{‘It demonstrates such a lack of effort’: the reasons I decline to go out with someone who relies on ChatGPT|The AI Romantic Dealbreaker: Why I Won’t Date a ChatGPT User.
The setting could have been taken from a Nancy Meyers production. I found myself in Oregon wine country, inside a rustic-chic barn that smelled of stealth wealth, for a friend’s rehearsal dinner. “This location is ideal,” I remarked to the groom-to-be. He leaned in as if revealing a confidential detail: “I found it on ChatGPT.”
My smile was courteous as he outlined how generative AI assisted in the wedding planning. (A real wedding planner was also hired.) I responded politely. Internally, however, I resolved: if my prospective spouse came to me with wedding input from ChatGPT, there would be no wedding.
Modern Dating Dealbreakers: AI Use.
Some people have typical relationship non-negotiables. Doesn’t smoke, prefers cat person, wants kids. During the past few months, as alarms of an impending AI-induced apocalypse have dominated my social media and social conversations, I’ve developed a new one. I refuse to see someone who employs ChatGPT. (Or any generative AI program truly, but with countless weekly users, ChatGPT is by far the dominant and thus the object of my scorn.)
People always ask the “what if” questions. What if I use it for my job, but I dislike it otherwise? What if I use it to help people? How about I only use it as a proofreading tool – I’d never use it to “write” anything. To all that I say: there are people out there for you. But I am not one of them.
From ‘Ick’ to Political Position.
The term “getting the ick” describes that feeling of being unexpectedly turned off. Part of having an ick is not really understanding why you found someone’s behavior so off-putting. For example, I once got the ick watching a man drink a smoothie from a straw. At first, my ChatGPT aversion felt like a simple ick, a kneejerk feeling of revulsion that lacked any clear reasoning.
Now, in late 2025, even relying on ChatGPT for apparently simple tasks like creating a workout plan or picking an outfit feels like a deliberate moral act. We know that the power-hungry tech depletes our water supply and increases electricity bills. It is sold as a placebo for real relationships; lonely, detached people finding companionship or even falling in love with code is not as much a science fiction plot point as it is just the way things go now. The ultra-wealthy tech bros in charge of all this prioritize in terms of profit first and people second.
Sure, ChatGPT can create your shopping list. But does that individual benefit offset the collective damage it creates?

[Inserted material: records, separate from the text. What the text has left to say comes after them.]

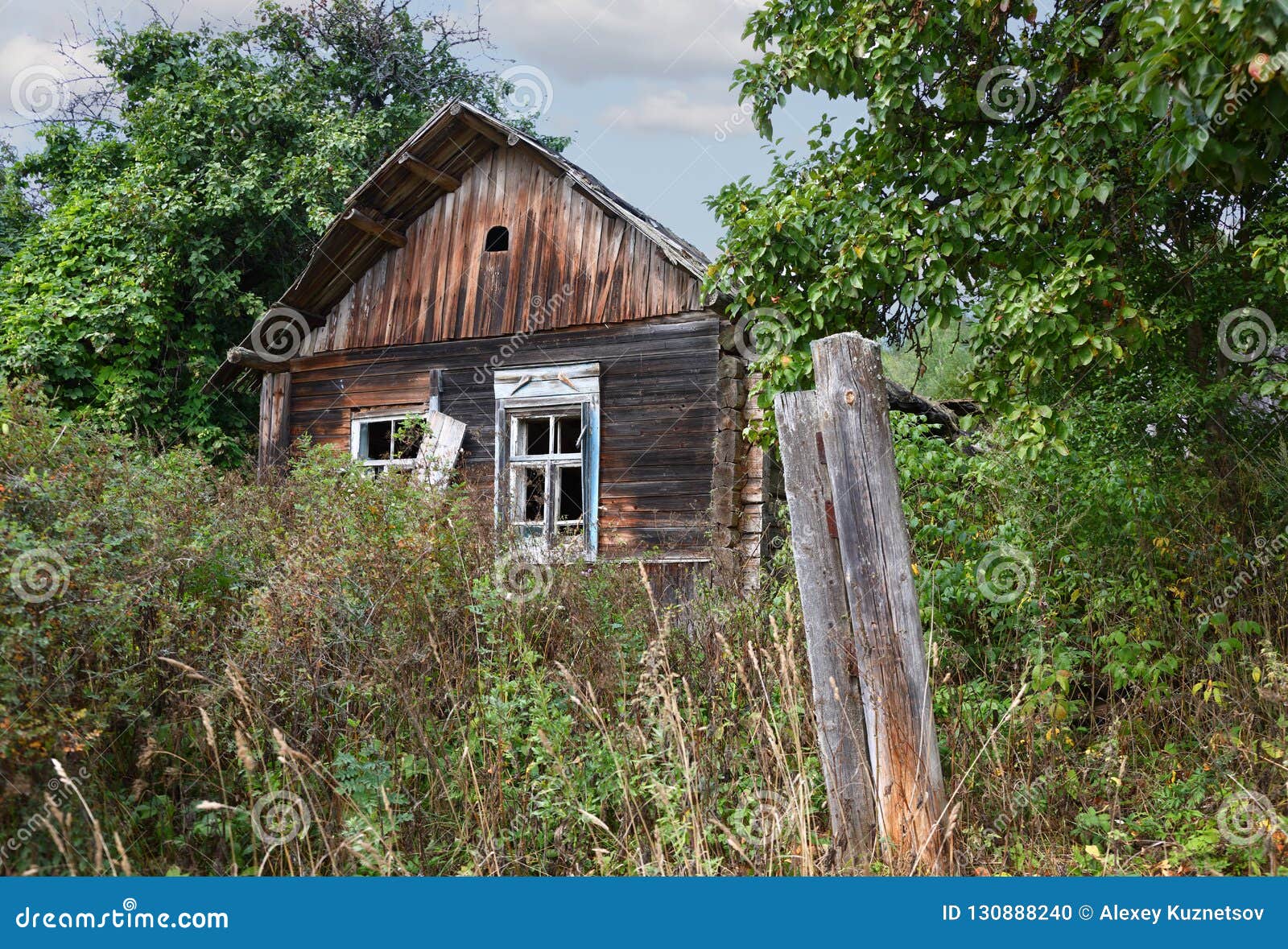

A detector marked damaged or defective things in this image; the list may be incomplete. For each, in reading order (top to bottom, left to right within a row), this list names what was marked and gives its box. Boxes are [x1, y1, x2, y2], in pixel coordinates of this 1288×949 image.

broken window [349, 412, 425, 477]
broken window [496, 361, 602, 554]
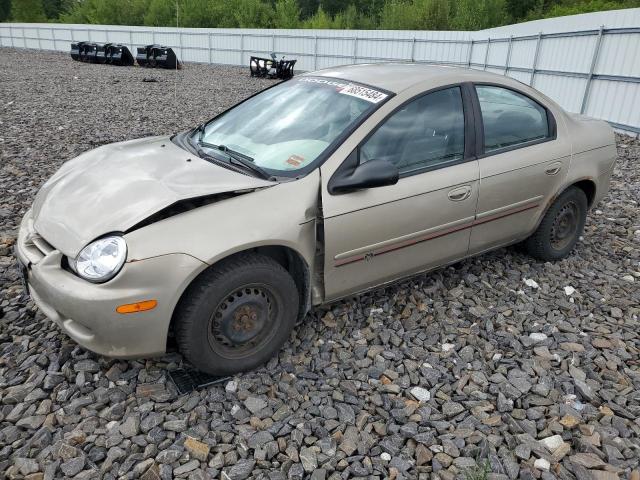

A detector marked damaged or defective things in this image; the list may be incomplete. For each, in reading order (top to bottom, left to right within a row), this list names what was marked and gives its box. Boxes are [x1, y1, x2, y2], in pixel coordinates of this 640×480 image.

crumpled hood [32, 135, 272, 256]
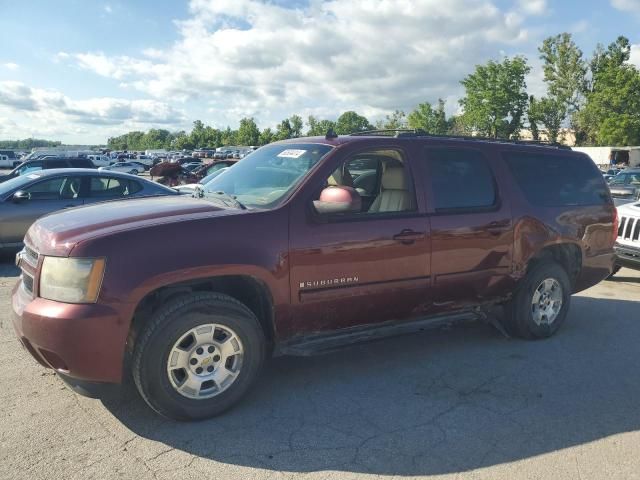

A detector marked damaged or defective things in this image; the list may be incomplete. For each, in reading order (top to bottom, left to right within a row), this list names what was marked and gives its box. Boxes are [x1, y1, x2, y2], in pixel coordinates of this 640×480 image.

cracked pavement [1, 256, 640, 480]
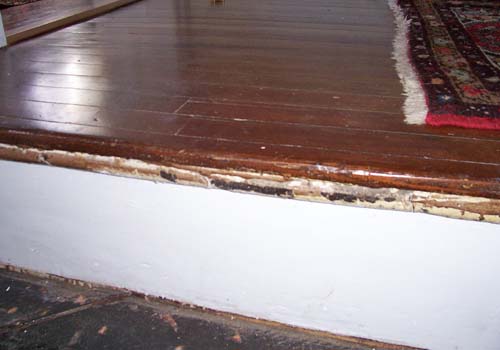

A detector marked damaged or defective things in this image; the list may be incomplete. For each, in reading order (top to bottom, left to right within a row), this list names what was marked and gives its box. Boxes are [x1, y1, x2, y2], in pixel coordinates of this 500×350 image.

chipped paint edge [0, 144, 498, 226]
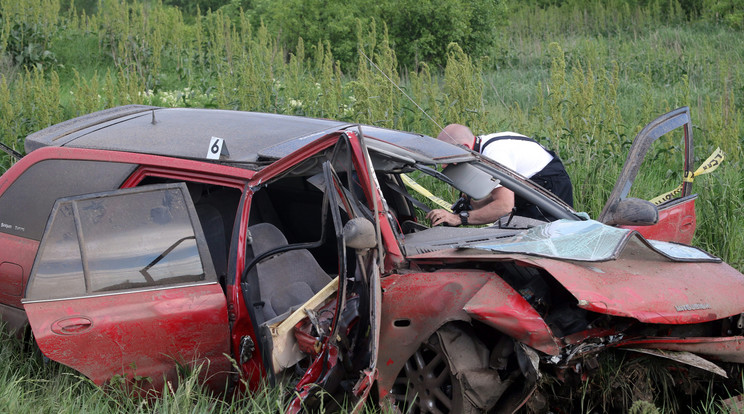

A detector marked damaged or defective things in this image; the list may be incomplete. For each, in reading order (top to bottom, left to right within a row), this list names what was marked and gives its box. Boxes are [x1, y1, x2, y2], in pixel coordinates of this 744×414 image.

wrecked red car [0, 106, 740, 410]
shattered windshield [468, 220, 716, 262]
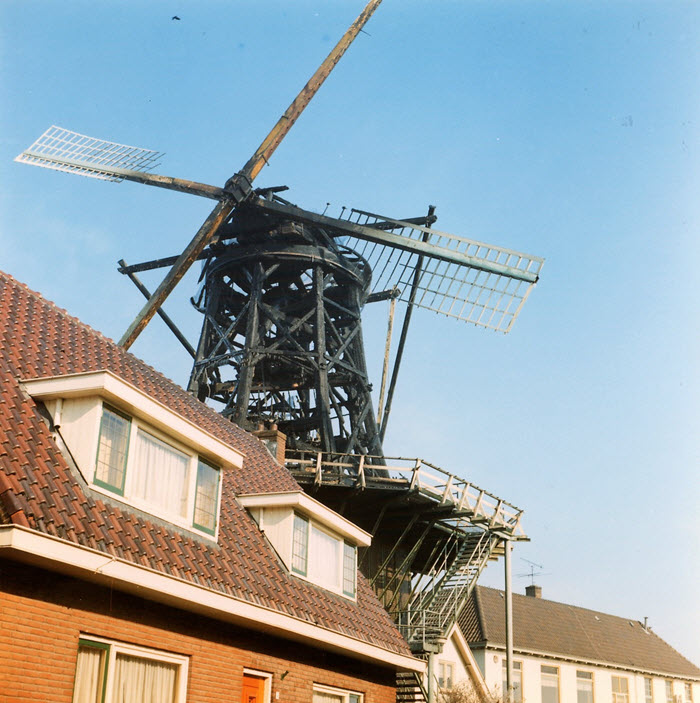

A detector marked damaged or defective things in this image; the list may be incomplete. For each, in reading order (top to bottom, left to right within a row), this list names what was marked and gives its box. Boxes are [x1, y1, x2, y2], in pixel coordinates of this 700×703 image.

burnt windmill [15, 0, 540, 672]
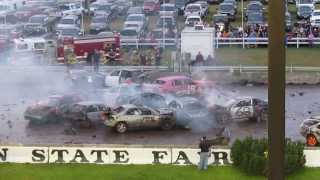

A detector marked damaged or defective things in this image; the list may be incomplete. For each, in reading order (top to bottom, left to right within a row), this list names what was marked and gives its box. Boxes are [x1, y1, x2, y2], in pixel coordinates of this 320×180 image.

wrecked vehicle [24, 93, 84, 124]
wrecked vehicle [60, 101, 111, 128]
wrecked vehicle [104, 105, 175, 133]
demolished car [104, 105, 175, 133]
wrecked vehicle [115, 92, 169, 109]
wrecked vehicle [168, 96, 215, 129]
wrecked vehicle [208, 97, 268, 124]
demolished car [300, 116, 320, 146]
wrecked vehicle [300, 118, 320, 146]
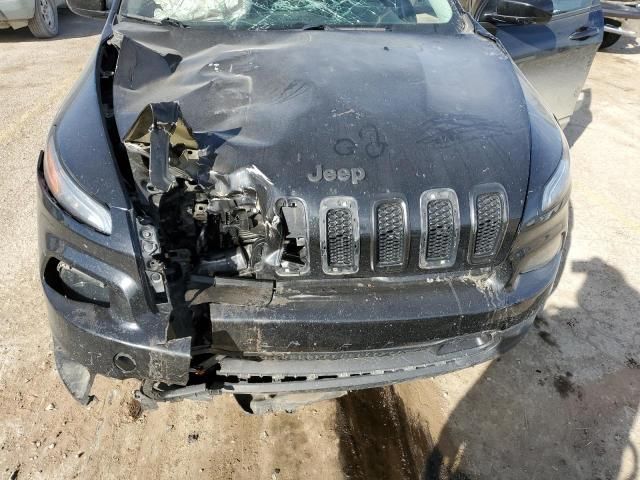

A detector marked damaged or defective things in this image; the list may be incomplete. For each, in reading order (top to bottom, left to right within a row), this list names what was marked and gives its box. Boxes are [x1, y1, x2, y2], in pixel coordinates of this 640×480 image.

broken headlight assembly [43, 129, 112, 234]
shattered windshield [120, 0, 458, 29]
front collision damage [40, 16, 568, 410]
damaged jeep cherokee [38, 0, 600, 410]
wrecked suv [38, 0, 600, 412]
crumpled hood [112, 22, 532, 276]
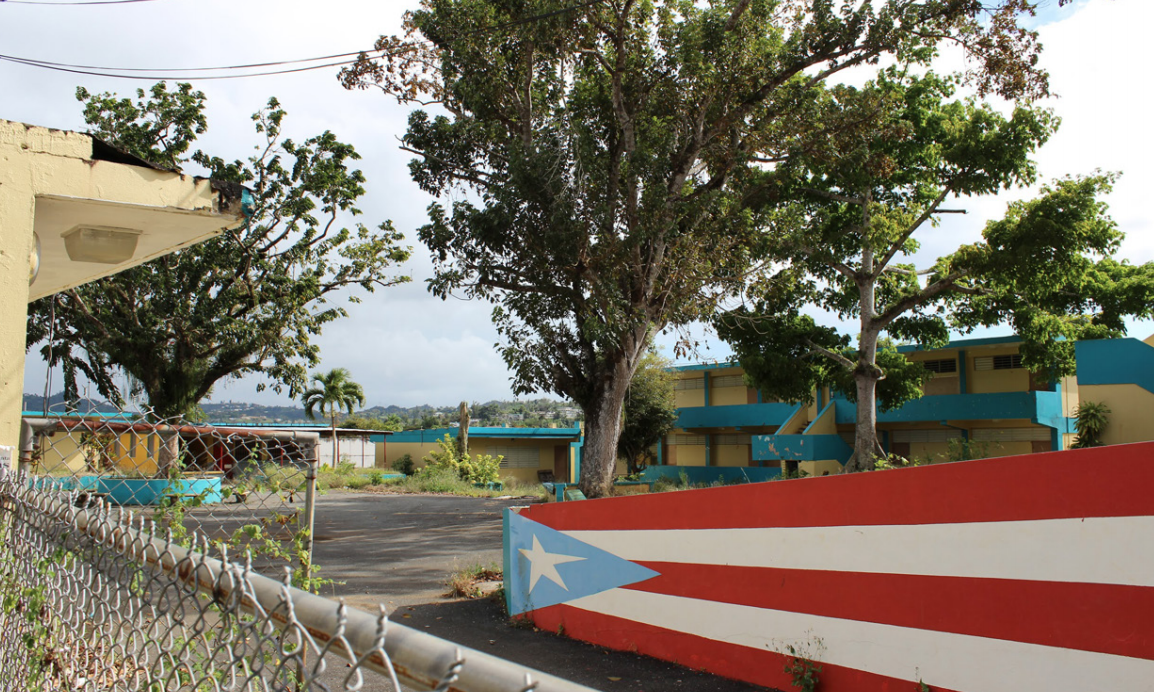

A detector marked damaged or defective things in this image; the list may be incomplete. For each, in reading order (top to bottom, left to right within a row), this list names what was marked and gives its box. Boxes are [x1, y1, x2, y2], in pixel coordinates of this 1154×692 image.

damaged roof edge [88, 134, 255, 219]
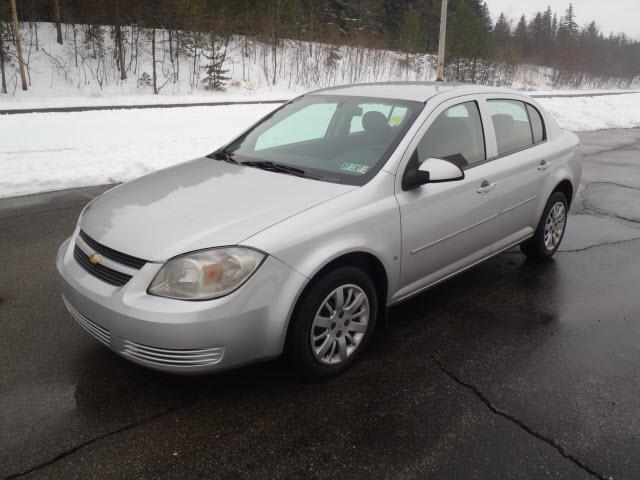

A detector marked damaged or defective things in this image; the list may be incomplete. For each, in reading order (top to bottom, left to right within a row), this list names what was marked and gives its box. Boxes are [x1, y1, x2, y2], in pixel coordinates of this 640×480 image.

asphalt crack [4, 400, 195, 478]
asphalt crack [432, 356, 608, 480]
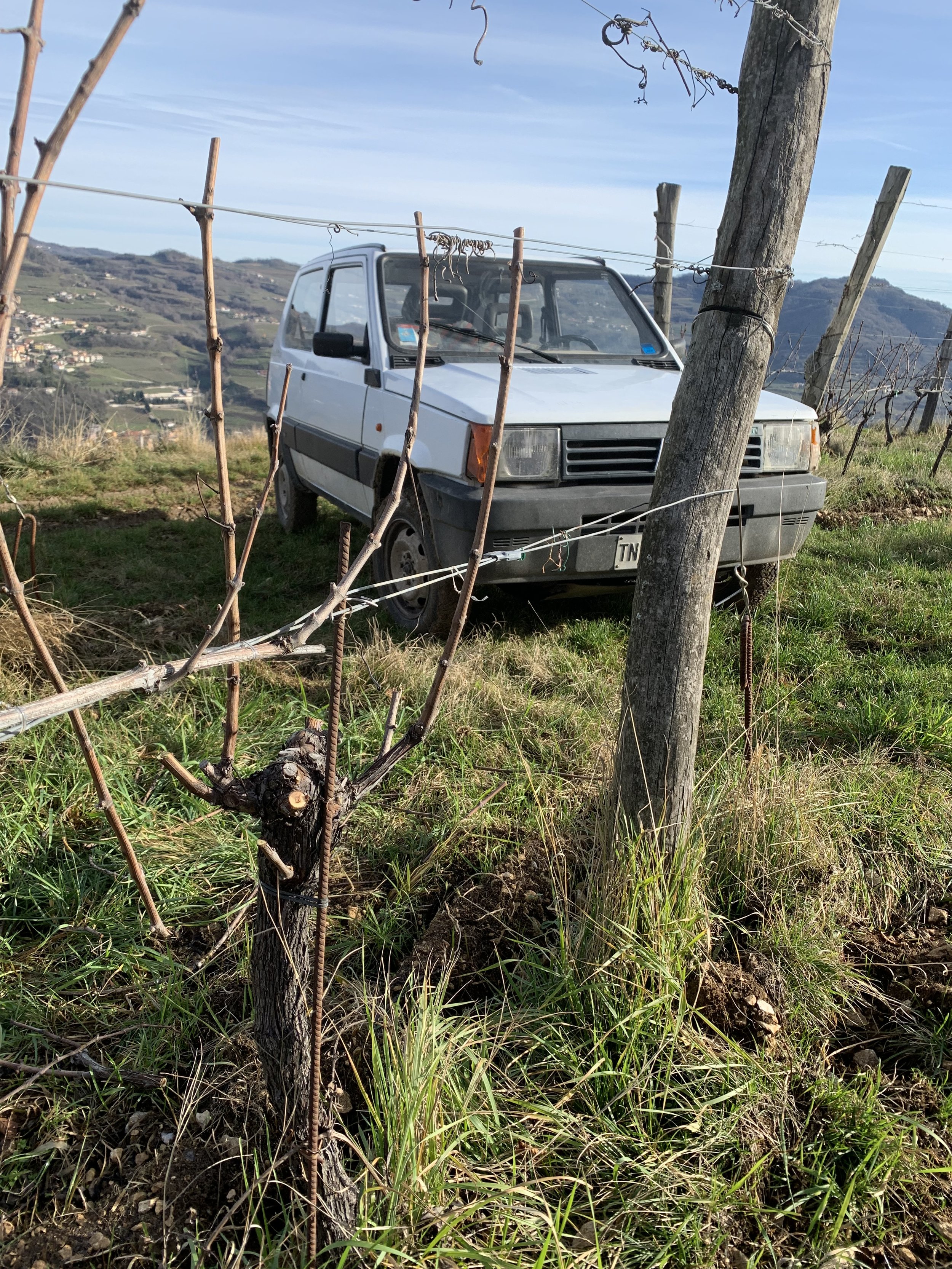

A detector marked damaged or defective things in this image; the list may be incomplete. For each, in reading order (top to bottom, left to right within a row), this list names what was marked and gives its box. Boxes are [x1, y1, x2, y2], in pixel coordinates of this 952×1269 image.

rusty rebar stake [307, 517, 348, 1259]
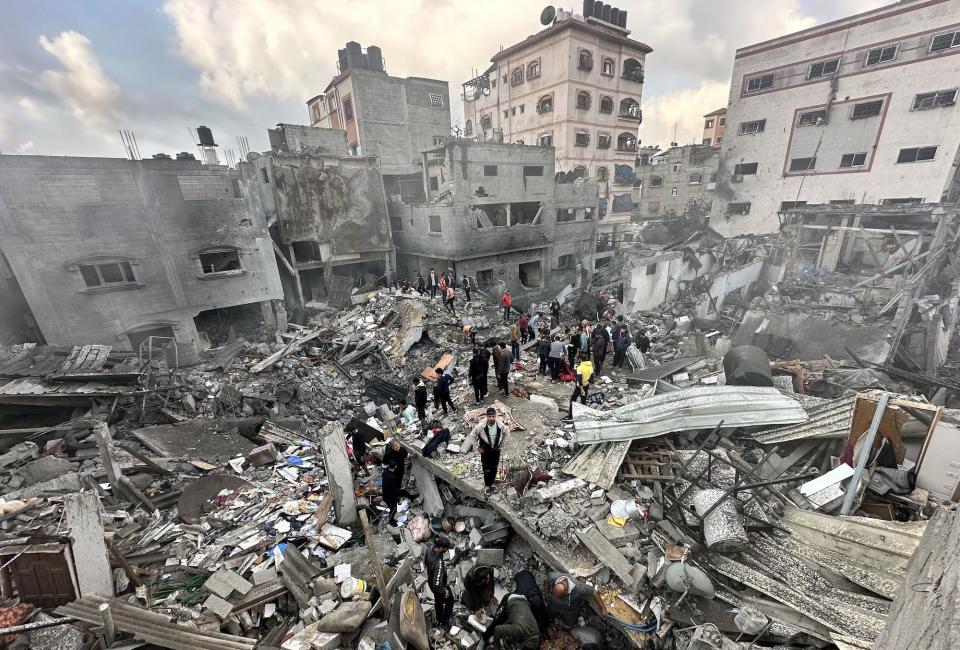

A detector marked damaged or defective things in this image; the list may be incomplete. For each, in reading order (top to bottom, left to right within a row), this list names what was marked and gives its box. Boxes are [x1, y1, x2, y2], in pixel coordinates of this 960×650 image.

broken window [928, 30, 960, 52]
broken window [524, 59, 540, 79]
broken window [576, 49, 592, 70]
broken window [808, 57, 836, 78]
broken window [868, 44, 896, 66]
broken window [748, 74, 776, 93]
broken window [740, 118, 768, 134]
broken window [796, 109, 824, 126]
broken window [852, 100, 880, 119]
broken window [912, 89, 956, 109]
broken window [788, 154, 816, 170]
broken window [900, 146, 936, 163]
damaged building [248, 124, 398, 306]
damaged building [386, 140, 596, 298]
damaged building [0, 154, 284, 362]
broken window [199, 246, 242, 270]
broken window [78, 260, 136, 288]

How ChatGPT Ruins Dating and Connection.
It seems ChatGPT has found a way to make the dating scene even more difficult. A close acquaintance recently told me that she spent a night with a man, and in the morning proposed they get breakfast together. He pulled out his phone, opened ChatGPT, and asked for restaurant suggestions. Why get close to someone who outsources decisions, including the enjoyable ones like picking where to eat? If someone is so unmotivated they’ll hit up ChatGPT to plan a first date, imagine how little effort they’ll spend six months in.
I just cannot envision forming a profound, lasting connection with someone who frequently engages with a technology that’s weakening our shared attention spans and perhaps signaling total apocalypse. Intellectual curiosity, originality, originality – I likely won’t find what I value in someone who thinks “productivity” means asking an app to summarize a movie plot so they don’t have to spend their time, you know, watching it.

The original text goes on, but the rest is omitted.